When a company rents a physical asset, such as an office building, it can classify the expense as an operating or capital lease. The lease of an asset is considered to be capital if the lease expenditure is classified as a purchase, ownership is eventually transferred to the lessee, or the lease term is greater than 75 percent of the asset's monetary value. On the statement of cash flows, the expenditures for a capital lease are recorded under the operating and financing activities.
Figure out how much of the lease payments for the fiscal year were applied toward principal and interest. Separate the two dollar amounts from either the lease statements or the general ledger for accounts payable. The general ledger is where all accounting transactions are recorded, including income received and payments made. Cash inflows are recorded as debits, and cash outflows are recorded as credits.
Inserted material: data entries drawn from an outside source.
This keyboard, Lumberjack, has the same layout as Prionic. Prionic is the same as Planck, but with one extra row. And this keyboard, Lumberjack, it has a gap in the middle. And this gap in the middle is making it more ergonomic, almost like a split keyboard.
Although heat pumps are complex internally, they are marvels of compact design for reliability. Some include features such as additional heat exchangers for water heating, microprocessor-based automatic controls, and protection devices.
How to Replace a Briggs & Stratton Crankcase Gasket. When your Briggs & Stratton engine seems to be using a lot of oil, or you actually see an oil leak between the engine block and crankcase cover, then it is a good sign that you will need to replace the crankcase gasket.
Calculate the total amount of principal lease payments. The total amount of lease payments applied towards principal are to be recorded as a cash outflow under financing activities. A cash flow statement is a summary of a company's cash inflows and outflows for a specified period. It is divided into three sections: operating activities, financing activities, and investing activities. A cash flow statement helps investors determine the sources of a company's liquidity.
Record the total amount of principal lease payments under the financing activities section. A capital lease expense is considered to be debt, the same way an individual would consider a car loan to be personal debt. The total amount of principal lease payments can be written as capital lease payments. Since the payments are considered to be a cash outflow, the amount would be deducted from any cash inflows under the financing section to arrive at the net cash flow from financing activities.
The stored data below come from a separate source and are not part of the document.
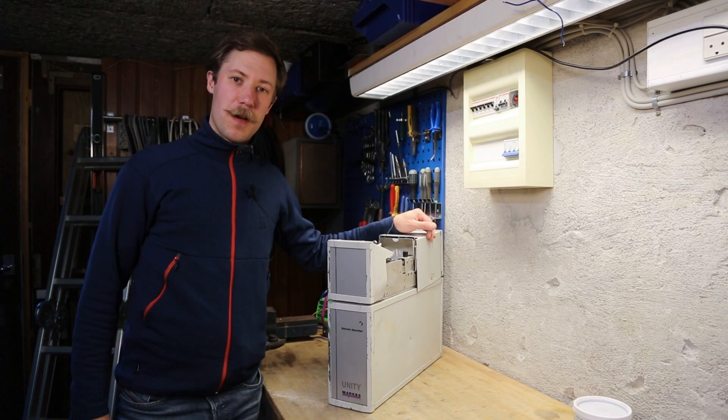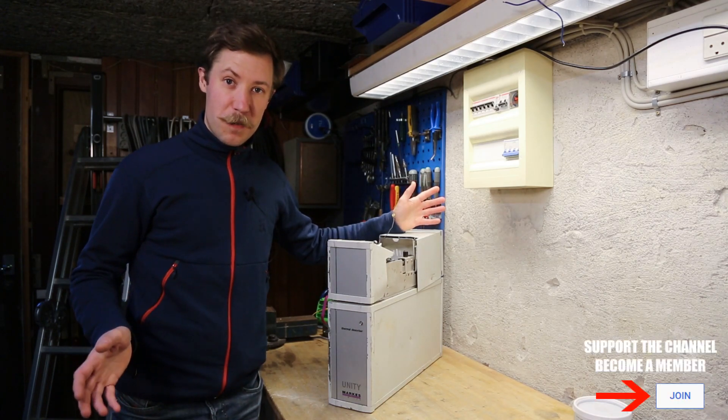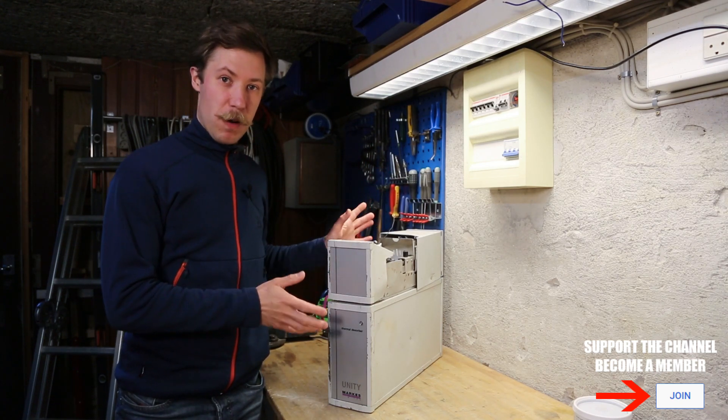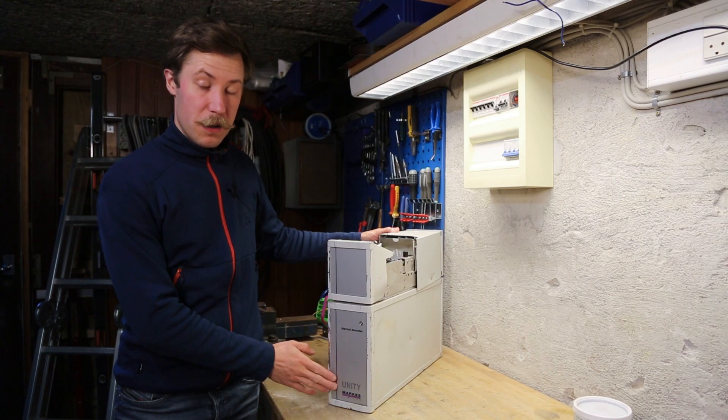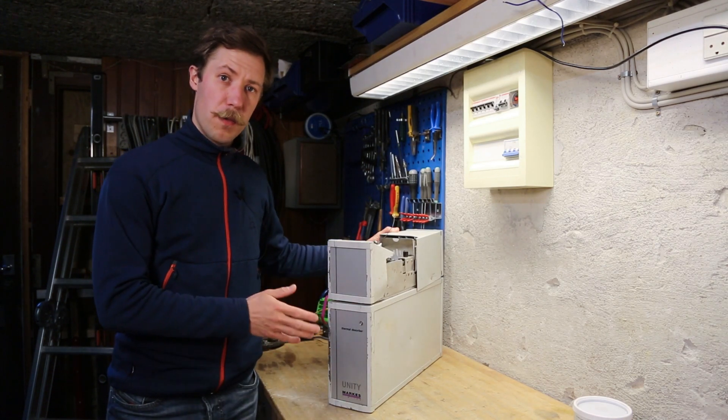Hi all, Mase Bahnkopp from Kaiser Power Electronics. Today I am really out of my comfort zone, because this is a piece of chemical analytic equipment. It's the model Unity from Marks International Limited. It is a thermal desorber.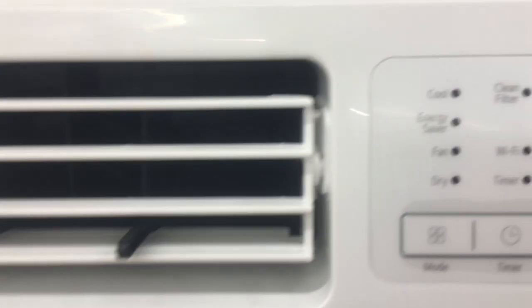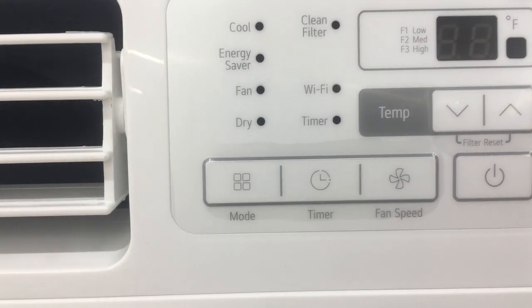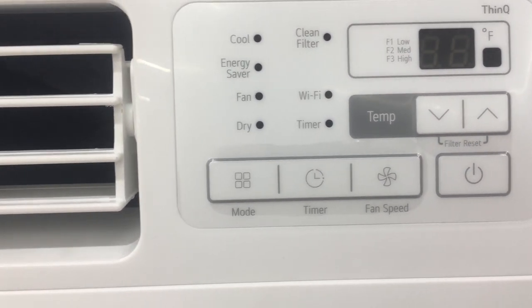This is your classic 10,000 BTU LG window air conditioner with Wi-Fi enabled and remote control. It will cool a 450 square foot home.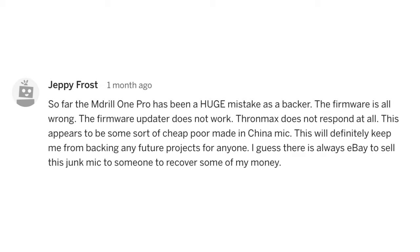Jepi Frost says: "So far the M-Drill 1 Pro has been a huge mistake as a backer. The firmware is all wrong, the firmware updater does not work, ThroneMax does not respond at all. This appears to be some sort of cheap, poor-made China mic. This will definitely keep me from backing any future projects for anyone. I guess there's always eBay to sell this junk microphone to someone to recover some of my money." And while I don't condone that last sentence, there's something definitely to be learned from Jepi here.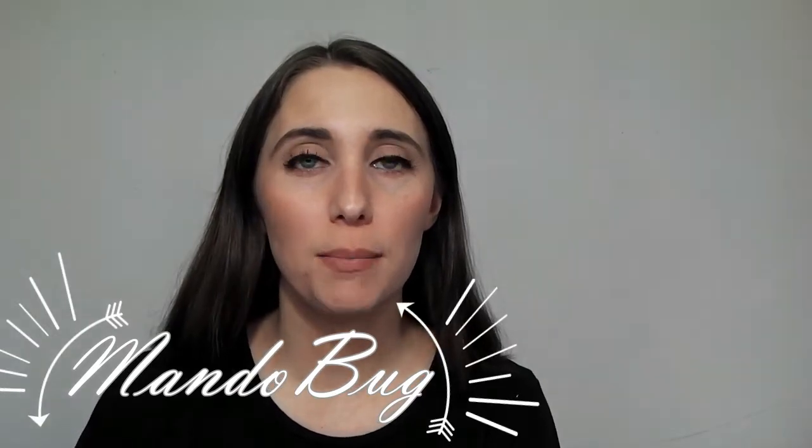Hello and welcome to my channel. My name is Amanda, but you may know me as Mando Bug, since that's what I go by on Ravelry and Instagram, and Mando Bug Crafts on Facebook. I'd like to start out this video saying thank you to those of you that are returning viewers. Thank you to those of you that have liked my videos, subscribed to my channel, commented, and messaged me on Ravelry — I really appreciate it.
Calculate the total amount of interest lease payments. This amount should be recorded under the operating activities section of the cash flow statement. The interest lease payments are considered to be a cash outflow since they are an expense. Principal lease payments are classified as financing activities since a debt is accumulated in order to gain an essential asset. Interest lease payments are considered to be a cost of operating a business.
Record the total amount of interest lease payments under the operating activities section. The amount can be written as capital lease interest payments under cash outflows. Interest lease payments will be deducted from any cash inflows recorded in order to arrive at net cash flow from operating activities.